(Recap of Cora’s Memoirs — Charlie and Cora were married on September 1 near Columbia, Missouri. she was 13; he was 20. They had been given some furniture, livestock, cooking “vessels,” from her father and his parents. The farm where they would live was rented, and it was next to other Palmer’s farms. There were nine Palmer brothers — Robert was the second oldest, Charlie was third.)
Cora’s Memoirs (written to her son, Charles, in 1961) continue . . .
September 3, 1897
“It was a two-room box house with an extra room upstairs. We all went to work and soon had everything all put in shape–stove up to cook on, etc. But we had to have a ‘straw tick’ to put our feather bed on. So–as your grandmother had given me a ‘tick’ along with some sheets, pillow cases, and a bedspread–they took it over to Robert’s place as he had thrashed wheat and had a stack of straw. They filled the ‘tick’ with nice class straw and that was our bed with the feather bed.

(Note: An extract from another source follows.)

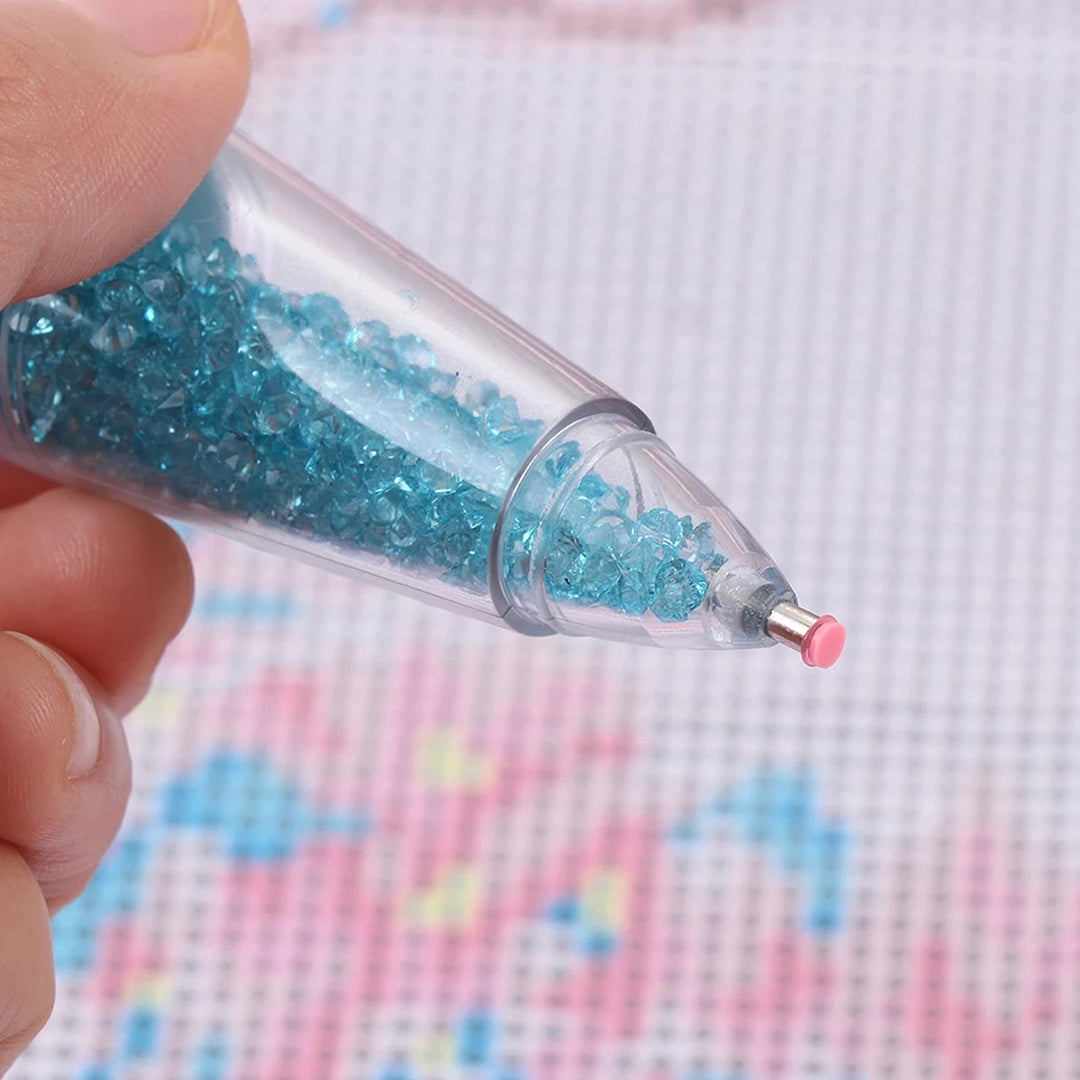 6 Pcs Diamond Painting Pen, Creative Flower Pot Shape Point Drill Pen, 5D Diamond Painting Tools for DIY Crafts, Diamond Paintings, Sewing, Cross Stitch, Nail Art Decoration (Blue, Pink, Purple)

“We had bought a few groceries, so we had our first meal together: biscuits made with water, as we had no milk, fried bacon, and potatoes which an old man gave us who lived near and came over to welcome us. His name was Dr. Robert McNutt, who later became our good friend. He was a native of England, and he was quite a character but a good old man, well educated and fine mannered.
“I was alone quite a lot that fall as your father had his corn on the farm he owned up by Oakland. I have forgotten to say where this farm we moved to was located. It was two and a half miles northeast of Gillaspy school house, seven miles northeast of Columbia, known then as the McNutt farm. He owned about 300 acres there. Robert had bought 160 acres from him, and a year later, Edney and your dad traded their 80 acres near Oakland Church for 120 acres of the farm we had rented. We had 45 acres, Edney the rest of it. We lived that winter in the little box house, which was rather cold. The big room was 18 feet square, and we just had a box wood-burning stove to heat it with.”